Antaño, los Estados se jactaban de que no seguían en nada a la naturaleza y se tomaban el trabajo de manifestar continuamente en qué maneras se diferenciaban de ella. Pero observo, que ahora, en algunos Estados, ocurre todo lo contrario. Lo peor es que eso pasa por aflojar las exigencias o las normas morales, que son las únicas que nos fuerzan a apartarnos de nuestras tendencias instintivas.


Esto es clarísimo en el terreno de la sexualidad. Como es imposible suprimir todas las normas éticas en el campo de la sexualidad, esta aparente libertad, ha generado una verdadera neurosis, pues qué sentido tiene que me obliguen a aceptar arbitrariamente que debo cumplir unas normas sí, y otras no, cuando ambas son igualmente absurdas. Esta crea una deformación que forzosamente empuja hacia afuera a los instintos inhibidos a abrirse paso en cuanto se pueda.

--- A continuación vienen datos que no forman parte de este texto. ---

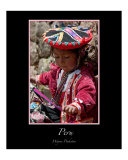 Peruvian Girl Learning to Weave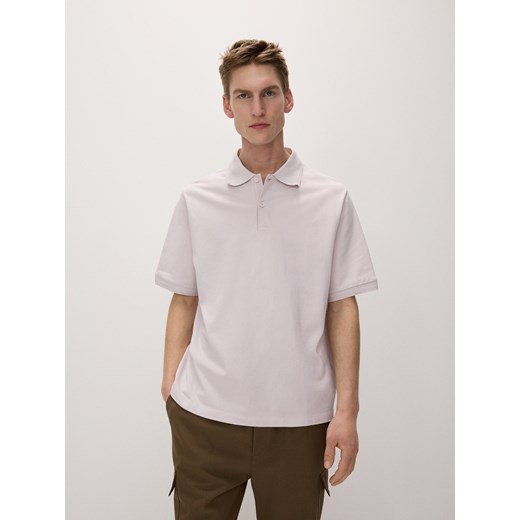 Reserved - Koszulka polo oversize - różowy Reserved S Reserved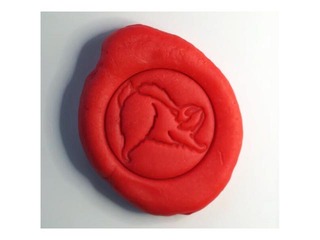 Plastilīns - modelēšanas masa Mīci, 120g, sarkana krāsa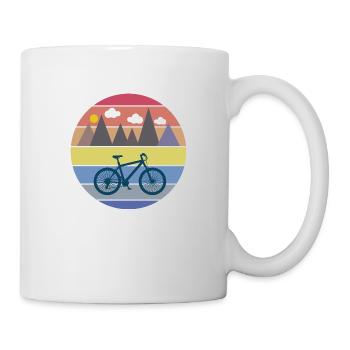 Mountain biker cycling cycling - Mug - white - Right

En una sociedad así, el hipócrita es el triunfador. Incluso sucede que toda al sociedad se vuelve hipócrita.

EN CONCLUSIÓN,


El ennoblecimiento de nuestra “sombra”, como diría Jung, depende de un factor personal y de un facto exterior, no siendo la inteligencia propia el elemento más importante de ellos. El Estado ha de tener una parte muy elevada en nuestra evolución anímica.


Claro, ahora caigo en el disparate que he cometido durante todo este tiempo, yo he estado hablando de un Estado que de verdad se preocupe por la felicidad y por el desarrollo de los ciudadanos. Y no lo que hay ahora: un Estado que solo busca salvar la cabeza y el trasero (puede que ambos sean intercambiables) de sus altos representantes.